La caution de Lhéritier a été fixée à deux millions d’euros, alors même que tous ses avoirs lui ont été confisqués. La valse des chiffres donne le tournis : une centaine de millions d’euros auraient été saisis sur les comptes, ainsi que les immeubles à Saint-Germain-des-Prés évalués à une vingtaine de millions ; le préjudice supposé, estimé en novembre à 700 millions, aurait grimpé à 850 millions; la société dénombre 18 000 clients; son fonds de manuscrits, photographies et dessins, mis sous scellé, compterait 135 000 pièces...

Tous les regards se tournent désormais vers cette collection, une des plus importantes en main privée au monde. L’administrateur provisoire, Gérard Philippot, a ouvert un inventaire. Le Journal des Arts est en mesure de révéler qu’il compte le mettre aux enchères, à compter de ce printemps. Il a déjà pris langue avec Jean-Pierre Osenat à Fontainebleau pour une première vente napoléonienne. En s’attaquant à cette partie la plus brillante de la collection, il voudrait démontrer que la dispersion d’une telle masse n’entraînera pas un effondrement des cours, sur un marché déjà affecté par ce scandale, en passe d'éclabousser d'autres grands libraires.

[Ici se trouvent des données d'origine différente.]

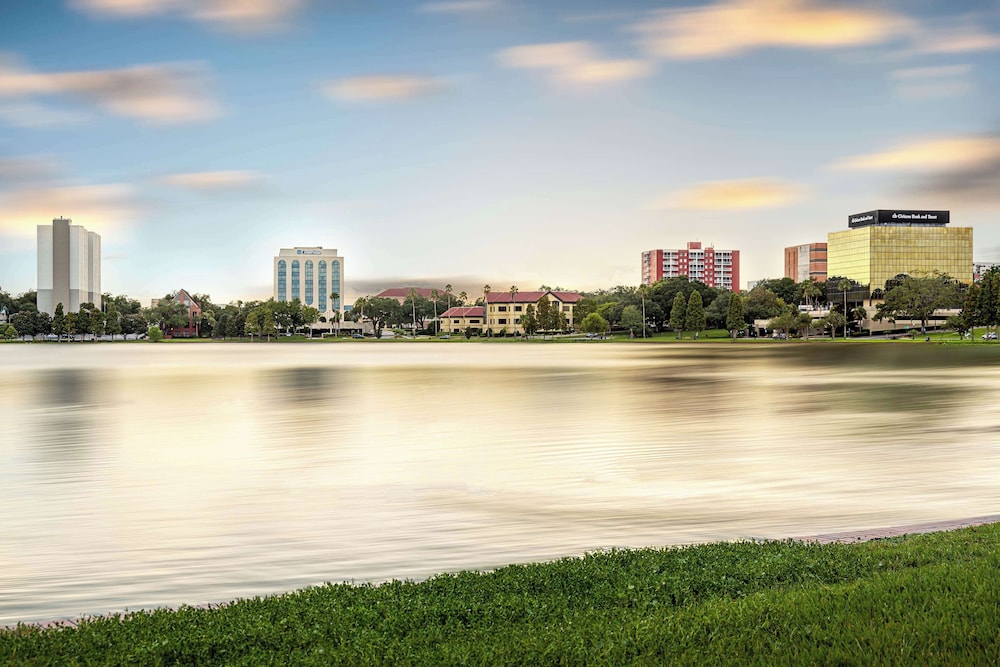 Hyatt Place Lakeland Center 59/63
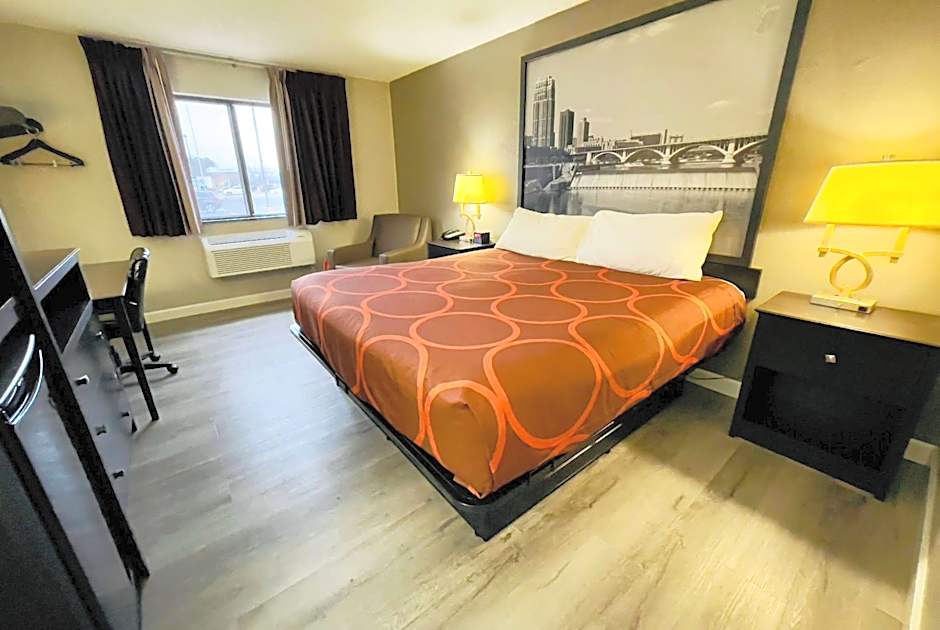 Super 8 by Wyndham Shakopee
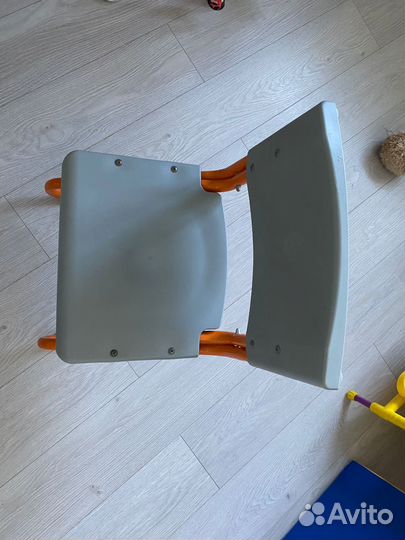 Детский стул с партой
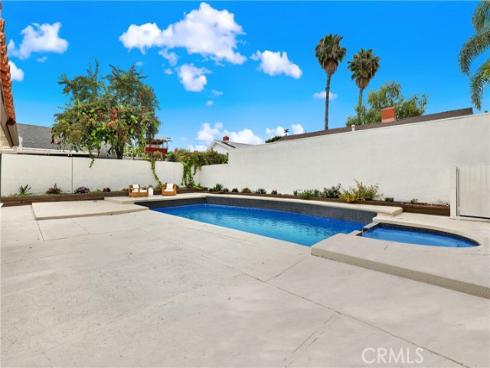25216 Miles , Lake Forest, CA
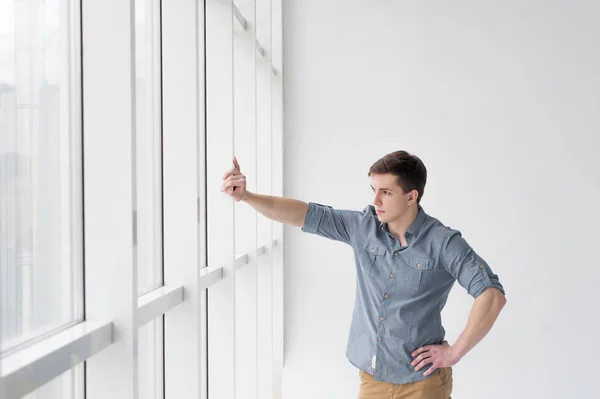 Jeune Beau Homme Forte Stature Athlétique Vêtu Une Chemise Pantalon — Photo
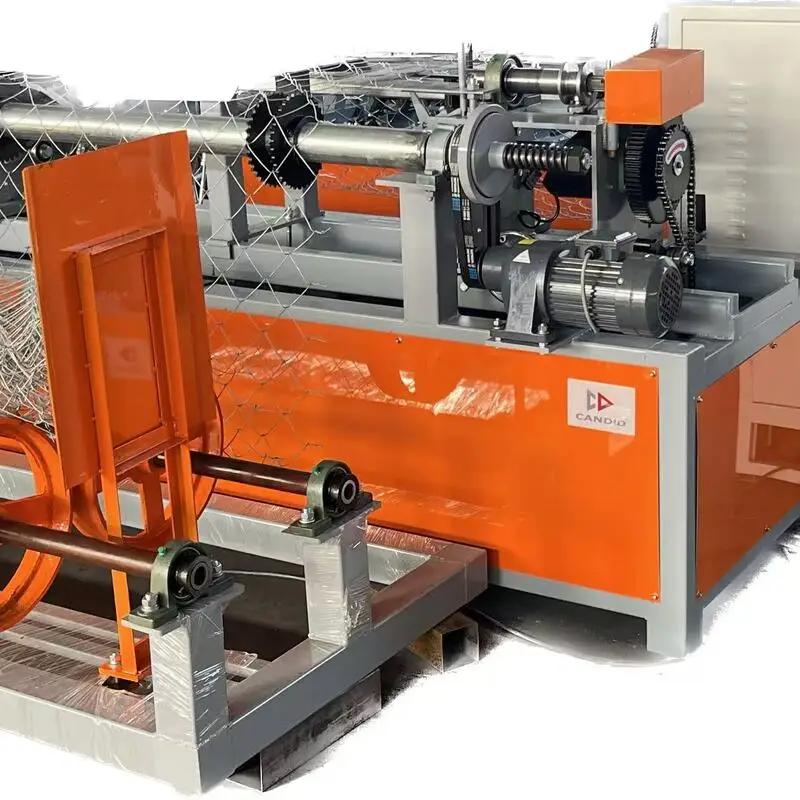 High Production Capacity Single Wire Feeding PLC Control Mesh Chain Link Fence Making Machine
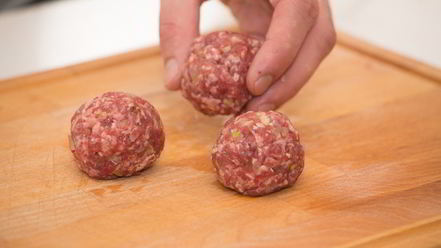 Рецепт тефтелей из утки с пюре из корня сельдерея и яблочным соусом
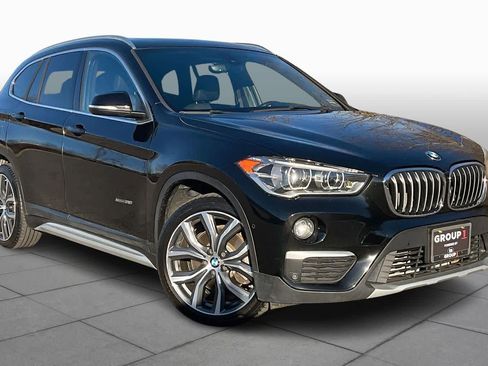Used 2017 BMW X1 sDrive28i image 2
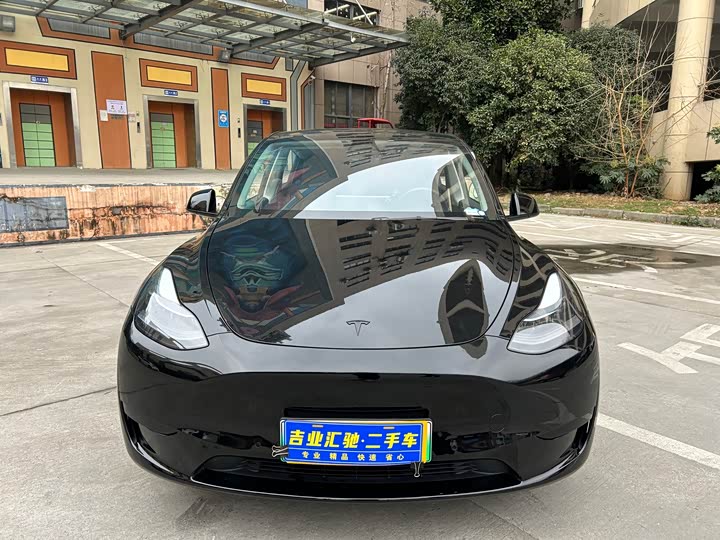 Фото 2 - Tesla Model Y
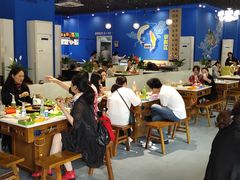 大堂-大师兄酱骨火锅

L’inventaire, qui devrait prendre des mois sinon des années, a été confié à deux experts, un chevronné (Christian Galantaris) et un néophyte (Jérôme Courtade), avec la société de commissaires-priseurs Morhange-Kapandji. Des sociétés de ventes comme Sotheby’s et Artcurial ont été contactées pour la suite. Pour atténuer un effet trop brutal sur le marché, Me Philippot envisage d’étaler la vente des portefeuilles au fur et à mesure de l’extinction des indivisions (le système spécial de vente en tranches, qui a fait tout le succès de Lhéritier), dont la durée est fixée à cinq ans.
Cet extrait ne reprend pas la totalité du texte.